Дмитрий Иванович поблагодарил меня и попрощался.

Света

Свете я позвонила не сразу, сначала побродила по квартире. Потом мне показалось этого мало, и я вышла на прогулку в сквер. Основательно проветрив душу, успокоившись, все же продолжила поиски.

После моего ухода из типографии там многое изменилось. Мое место пустовало не долго. Скоро издательский отдел ликвидировали, потому что новый директор учредил свою издательско-полиграфическую фирму и пустил поток заказов через нее. Обескровленная клиентами, типография начала простаивать без работы, люди — увольняться. В прежнем режиме работал только переплетный цех, где стояли уникальные машины для шитья книжных блоков.
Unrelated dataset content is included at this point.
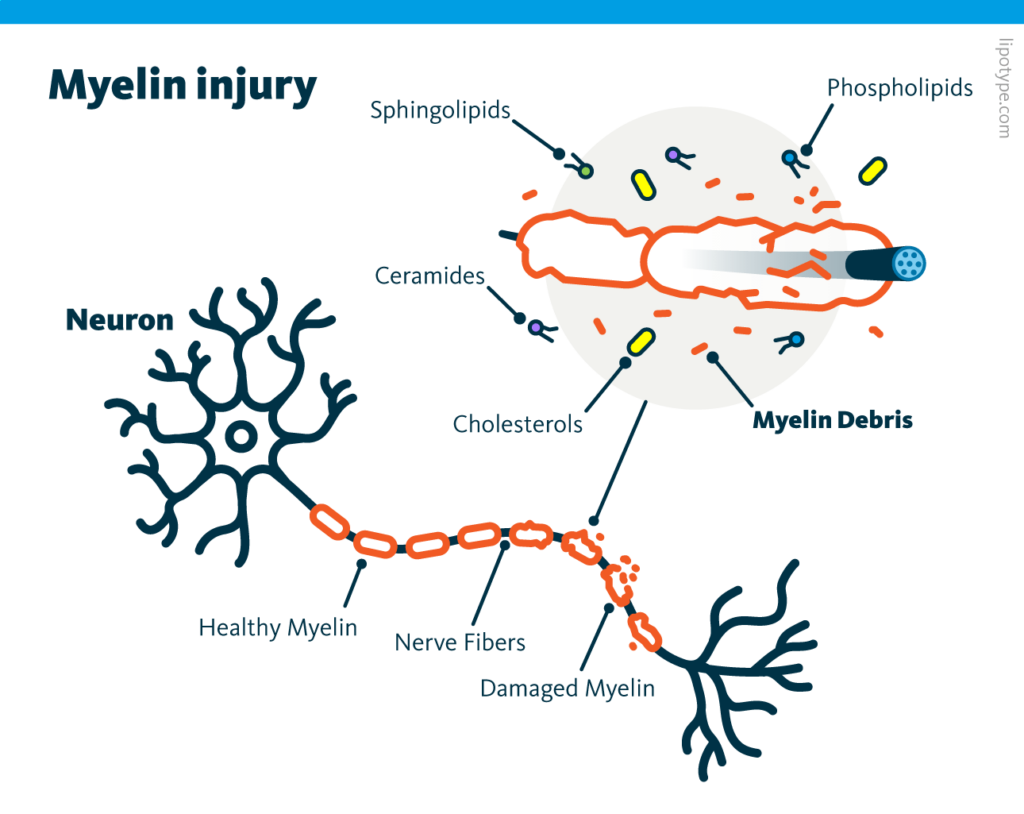 An infographic depicting the lipid content of damaged myelin: sphingolipids, ceramides, cholesterol, phospholipids, and myelin debris.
Новая технология, получившая повсеместное распространение, при которой блоки не шились, а склеивались, не пользовалась популярностью.

По каким-то причинам Свете, номер которой я набирала на диске, тоже пришлось претерпеть перемены, уйти из приемной. Она закрепилась там, где я начинала свою деятельность — в отделе кадров. Помню, в ту пору она звонила мне несколько раз, просила консультаций, а я никак не могла понять, с чем это связано. Мне казалось, что она в отделе кадров находится временно — заменяет заболевшего человека.